Jésus lui-même témoignera de cet amour sans retour au-delà de tout sentiment quand il attendra Judas dans le jardin des Oliviers. Il l’attend avec cet amour du Père qui ne peut se reprendre mais non sans avoir dit à son Père : « Pas ce que je veux, mais ce que tu veux ». Comment Jésus, à moins d’être malade, pouvait-il avoir un sentiment d’amour pour le traître, mais il a aimé l’homme Judas jusqu’au bout, comme le Père l’a aimé.

« Aimez-vous les uns les autres, comme je vous ai aimés, comme le Père m’a aimé ».

Cet amour peut donc nous commander ce que nous ne voulons pas. Mais c’est l’Esprit qui nous commande et non pas une loi extérieure vis-à-vis de laquelle il s’agirait d’être en règle. Et si Jésus obéit, dans le sang et les larmes, c’est à ce que lui commande son Père dans l’intimité inimaginable de l’Esprit.

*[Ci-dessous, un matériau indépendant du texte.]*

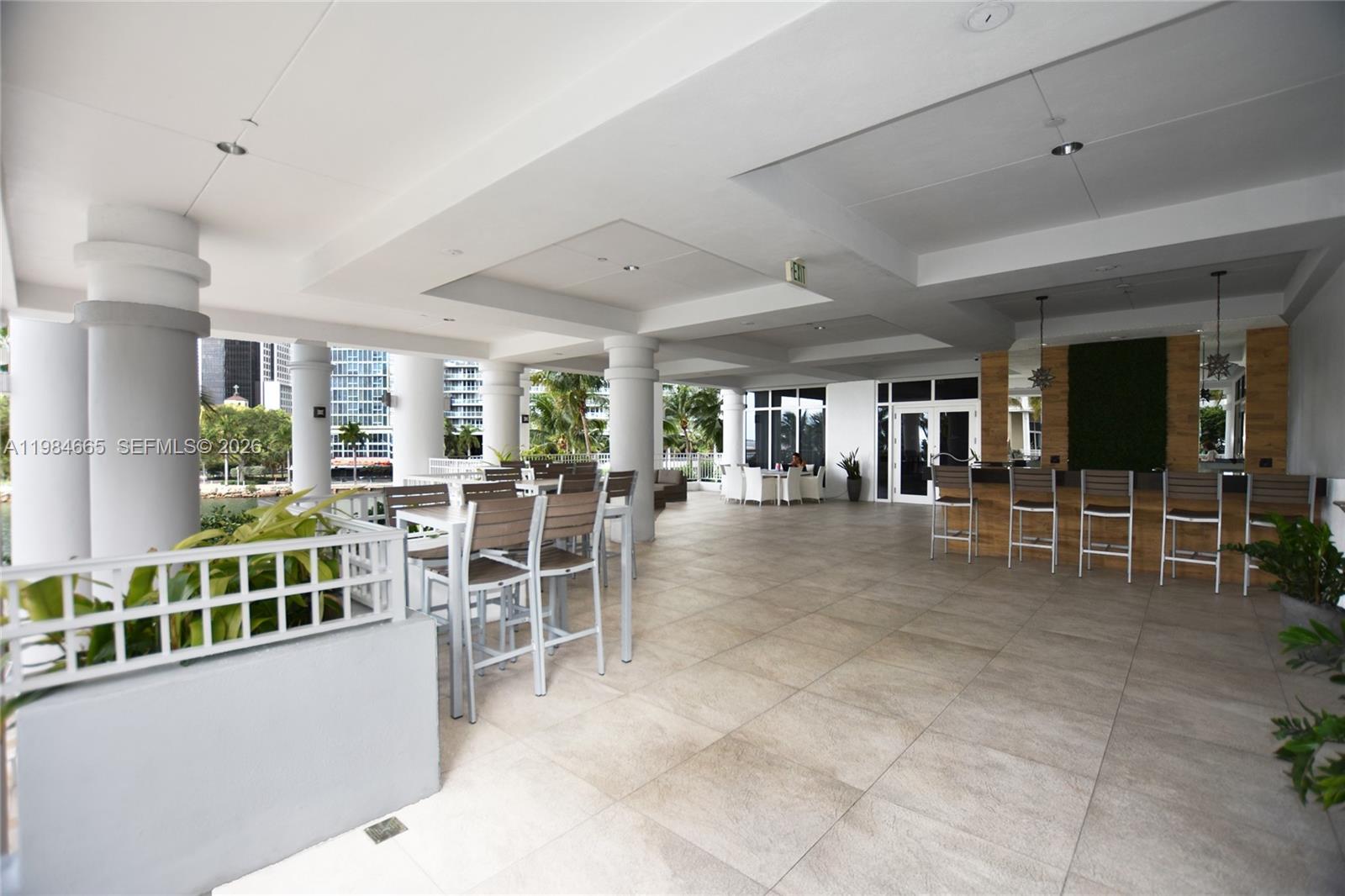 801 Brickell Key Blvd #1209, Miami FL 33131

L’amour ne peut nous commander que de l’intérieur, là où la présence d’un autre me touche, au-delà de toute image que je peux projeter sur lui, à l’extérieur. Si je crois aimer quelqu’un parce que j’aime son image, je suis dans ce que la Bible appelle l’idolâtrie et cet amour imaginaire va être mis à l’épreuve par la vie.

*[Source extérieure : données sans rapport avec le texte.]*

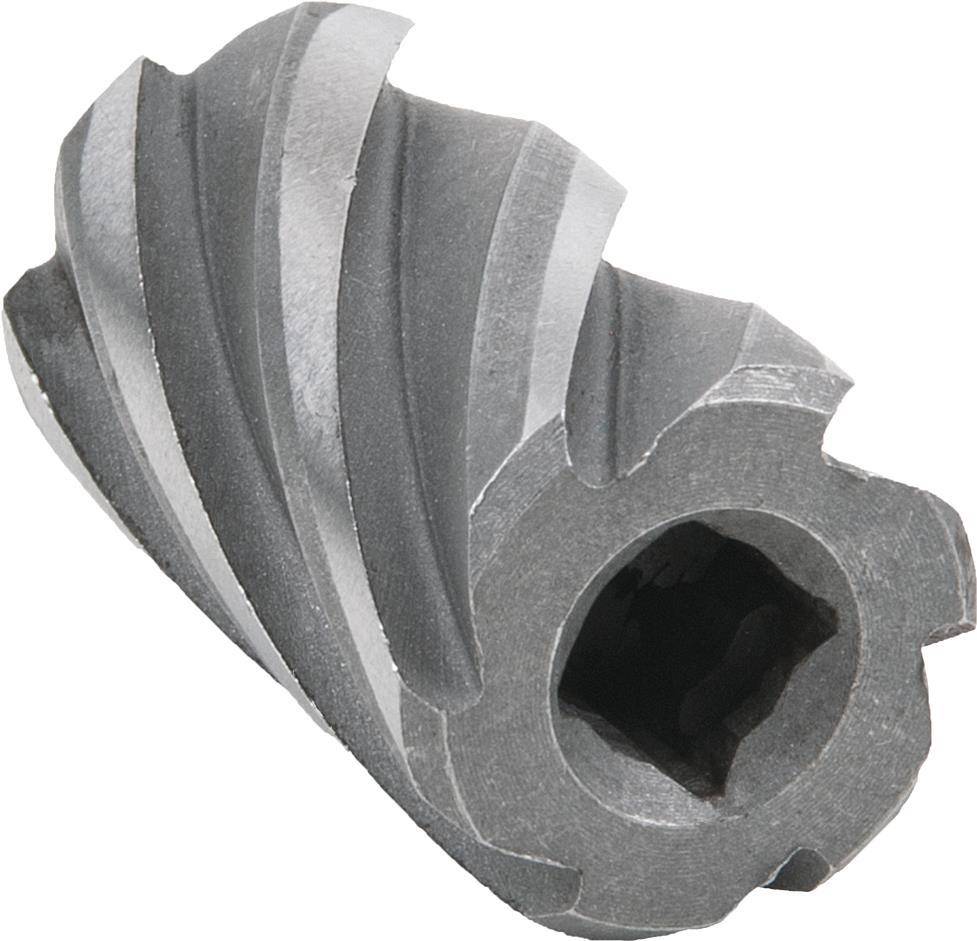 KS TOOLS ABS-Sensoren-Reibahlen-Satz, 7-tlg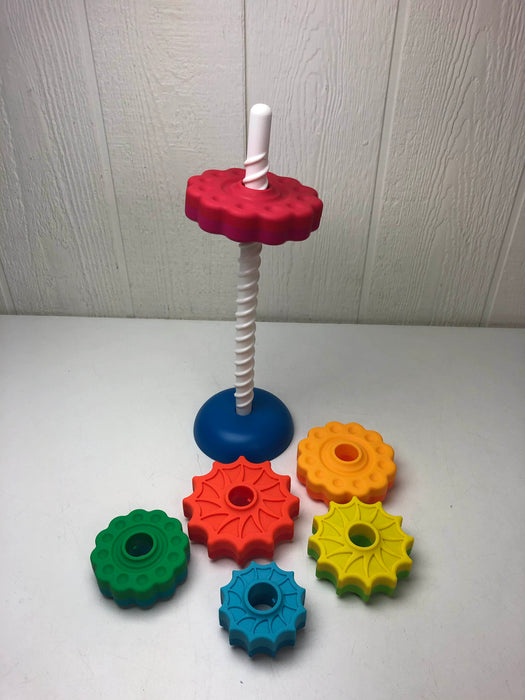 Shop Fat Brain Toys SpinAgain at GoodBuy Gear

Car le propre de l’amour, de l’Esprit Saint, est de faire de la présence de l’autre en moi, une présence unique, comme celle du Fils unique pour le Père. Comme le Père m’a aimé… aimez-vous les uns les autres. L’unique, c’est ce qu’est l’un pour l’autre dans l’amour, dans l’Esprit, et c’est cette œuvre de l’amour qui fait, entre nous, l’humanité, la véritable humanité, à l’image de Dieu.

Nous avons entendu l’écho d’une telle rencontre entre l’un et l’autre où l’Esprit fonde l’humanité dans le Christ. C’est celle de Pierre et du Centurion Corneille, dans les Actes des Apôtres. Il n’y avait pas spécialement de sentiment amical entre un centurion romain et un pêcheur de Galilée. Et pourtant l’Esprit d’amour a commandé leur rencontre malgré le mouvement de retrait effrayé de Pierre à l’idée de partager l’intimité de l’Alliance divine qui fait le peuple élu avec un païen. Mais l’Esprit du Christ a commandé cette rencontre dans le cœur de l’un et de l’autre, afin que l’un et l’autre se reconnaissent comme Dieu les connaît, uniques pour le Père, unique l’un pour l’autre à travers le pardon de toute une histoire de haine. Pierre parlait encore quand l’Esprit Saint s’empara de tous ceux qui écoutaient la Parole. Tous les croyants qui accompagnaient Pierre furent stupéfaits, eux qui étaient juifs, de voir que même les païens avaient reçu à profusion le don de l’Esprit Saint. »

Aimez-vous les uns les autres comme je vous ai aimés.

Je vous ai dit cela pour que ma joie soit en vous et que vous soyez comblés de joie.